There are two types of people in the world – people who, when faced with food, shrug and dig in regardless of preference and people who wrinkle their noses and would rather go hungry than take one single bite of food they don’t 100% enjoy.
Now, being one of the former (there are very few foods I’ll flat-out refuse to eat, and some of those are due to food allergies), I can say that it can be hard to understand the picky eaters in my life. Food, in general, is just enjoyable for me, and the concept of deciding not to eat rather than just try something that I might not like is completely foreign.
After reading this new study published in the journal Appetite, though, I may have to change my attitude – and the practice of trying to cajole the picky peeps into trying new things – because according to science, it just doesn’t work.
Not only that, but forcing kids (and presumably anyone) to eat unwanted foods doesn’t affect any outcomes later in life. When it comes to children (actual children), the tension that can invade mealtime over food battles can also damage the health of your overall relationship.
According to Dr. Julia Lumeng, the author of the study, pediatrician, and professor:
“Parental pressure is having no effect, good or bad, on picky eating or weight in this population. The kids’ picky eating also was not very changeable. It stayed the same whether parents pressured their picky eaters or not.”

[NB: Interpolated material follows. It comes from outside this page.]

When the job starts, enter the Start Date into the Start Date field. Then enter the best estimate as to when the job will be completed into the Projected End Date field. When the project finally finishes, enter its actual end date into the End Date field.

The study followed 244 ethnically diverse toddlers and compared the pressure tactics of parents to the children’s healthy growth and the eventual reduction of picking eating and found zero to support the position of forcing kids to clean their plates of everything they hate.

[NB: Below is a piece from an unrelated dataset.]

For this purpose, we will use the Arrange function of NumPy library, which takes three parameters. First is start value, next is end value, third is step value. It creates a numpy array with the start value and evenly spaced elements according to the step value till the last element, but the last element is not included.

“We found that over a year of life in toddlerhood, weight remained stable on the growth chart whether they were picky eaters or not.”
Basically, stop worrying so much about every left piece of broccoli or perfectly delicious rice that’s met with a turned-up nose. Sure, you should still introduce your kids (and others) to a variety of foods in the hopes that one day they’ll acquire a more refined palate, but otherwise…don’t stress.
If you want to go the extra mile, Dr. Lumeng also suggests using the words “choosey” or “selective” instead of “picky” in order to keep your child’s associations with food and mealtime more positive.
Honestly, I feel like this study just set me free as a mother, friend, and wife. Now, I can let my husband and my toddler eat the same types of meals six days a week and know that at least one of them will probably still turn out okay.